The inventor or a third party’s efforts to maintain control over the use of the invention may negate an otherwise public use under 35 U.S.C. § 102(b). Here, for example, a third-party misappropriator who illicitly obtained the claimed invention but for that reason took steps to keep his possession a secret was found to be insufficient to rise to the level of a public use under 35 U.S.C. § 102(b). “[A]n agreement of confidentiality, or circumstances creating a similar expectation of secrecy, may negate a public use where there is not commercial exploitation.”

Background / Facts: This appeal involves a challenge to the validity of two plant patents for varieties of table grapes developed by the U.S. Department of Agriculture (“USDA”) and licensed to the California Table Grape Commission. The plaintiffs filed suit seeking to invalidate the patents on the ground that the two grape varieties were in public use more than one year before the applications for both plant patents were filed, and that the patents are therefore invalid under the public use bar of 35 U.S.C. § 102(b) (2006).

Issue(s): Whether the actions of two individuals who obtained samples of the two patented plant varieties in an unauthorized manner and planted them in their own fields constituted an invalidating public use of the plant varieties.

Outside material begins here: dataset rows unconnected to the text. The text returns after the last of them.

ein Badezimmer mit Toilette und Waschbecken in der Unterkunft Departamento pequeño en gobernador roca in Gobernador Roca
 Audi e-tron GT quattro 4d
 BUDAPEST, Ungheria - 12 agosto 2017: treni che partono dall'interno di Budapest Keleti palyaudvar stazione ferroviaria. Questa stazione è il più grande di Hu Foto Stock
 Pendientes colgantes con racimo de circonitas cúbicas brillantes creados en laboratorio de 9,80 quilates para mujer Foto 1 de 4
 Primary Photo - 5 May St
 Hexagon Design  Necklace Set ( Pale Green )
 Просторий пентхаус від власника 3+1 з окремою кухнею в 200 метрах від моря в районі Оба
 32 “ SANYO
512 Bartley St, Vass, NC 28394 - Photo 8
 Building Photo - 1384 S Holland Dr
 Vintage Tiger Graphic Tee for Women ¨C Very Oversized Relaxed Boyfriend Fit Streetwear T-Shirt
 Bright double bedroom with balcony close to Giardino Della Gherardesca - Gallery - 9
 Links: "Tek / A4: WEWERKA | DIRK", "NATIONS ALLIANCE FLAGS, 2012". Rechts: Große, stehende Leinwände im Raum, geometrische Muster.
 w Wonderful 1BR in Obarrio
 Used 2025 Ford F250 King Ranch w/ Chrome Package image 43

Holding(s): No. “The facts of this case … show that [the misappropriator] sought to maintain control of the plants he obtained. … Although [he] shared the plants with his cousin, the evidence showed that [the cousin] was aware of the need to keep the plants secret, and at [the misappropriator’s] urging, [the cousin] continued to treat his possession of the unreleased varieties as confidential and non-public. This case is therefore wholly different from the Supreme Court’s decision in Egbert v. Lippmann, where the inventor himself gave the invention to a third party with no understanding or expectation that the third party would maintain secrecy as to the invention.”